Candel in English
Francisco Candel (1925-2007) is a Catalan writer who used to have personal diaries which gave substance to many of his more than fifty books. His ephemeral political experience, as senator and town councillor, during the Democratic Transition consolidated the image of a singular and unsettling writer. Through the works Francisco Candel published during the Democratic Transition, he showed his vision of the events of this period in which social, cultural and political expectations were partly frustrated. The sour and ironic caricature he proposed did not meet any success and paradoxically, although he was more exposed in the Catalan public media, his books were at the same time getting forgotten.
Dictionary of the Literature of the Iberian Peninsula, p. 290:
Dictionary of the Literature of the Iberian Peninsula, Greenwood Press, Westport, Connecticut, 1993, 1806 pages. Authors: Germán Bleiberg, Maureen Ihrie, Janet Pérez.
In this dictionary, two pages (p. 290-291) are dedictated to Francisco Candel Crespo... [sic]. A confusion with another Francisco Candel, but not the writer called Francisco Candel Tortajada.
In this notice, there are also more mistakes:
1) “Although many of Candel's book have been translated into German, French, Flemish, Russian and other languages, critics have largely ignored his work; nevertheless, Félix Ros considers him as Dickensian”. Actually, one novel was translated into German, two into Flemish, and one into French. The reference to Félix Ros may suggest that the list of languages could come from the prologue writen by him in Obras selectas (1974): « éstos y otros títulos se tradujeron subsiguientemente al alemán, al francés, al flamenco, al ruso y a otros idiomas. » (p. 16). Francisco Candel himself wrote an autobiographical note in Fernando Alvarez Palacios's book, Novela y cultura española de postguerra (1975): « He sido traducido al alemán, francés, flamenco, ruso, catalán, gallego y vasco, y ahora creo que al italiano. » Nevertheless, in A cuestas sobre mis personajes, there is no mention of translation into Russian or Italian, but it is true that some short stories were also published in Russian.

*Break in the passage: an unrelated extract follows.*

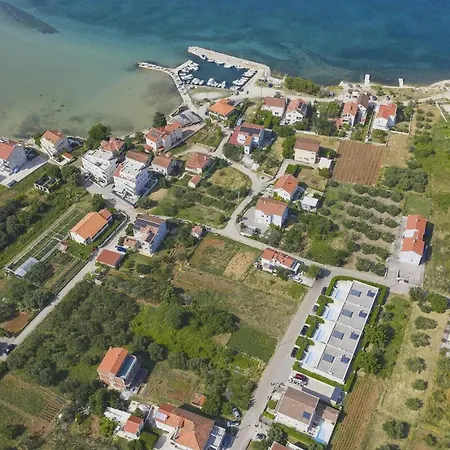 Villa Beautiful In Kraj, Pasman Island With Outdoor Swimming Pool, Wifi And 3 Bedrooms *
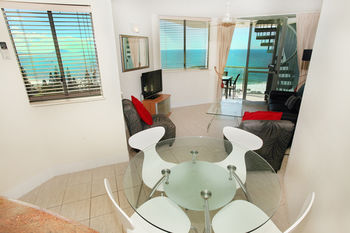 Malibu Mooloolaba - Accommodation Directory 26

2) “His “obra maestra” is Els altres catalans (1964: the Other Catalonians) which has been translated into Spanish and many other languages”. It is just the opposite. This book was obviously written in Spanish and then translated into Catalan by one of the greatest translators to Catalan of that time, Ramón Folch i Camarasa. And it is not true that it was translated into other languages.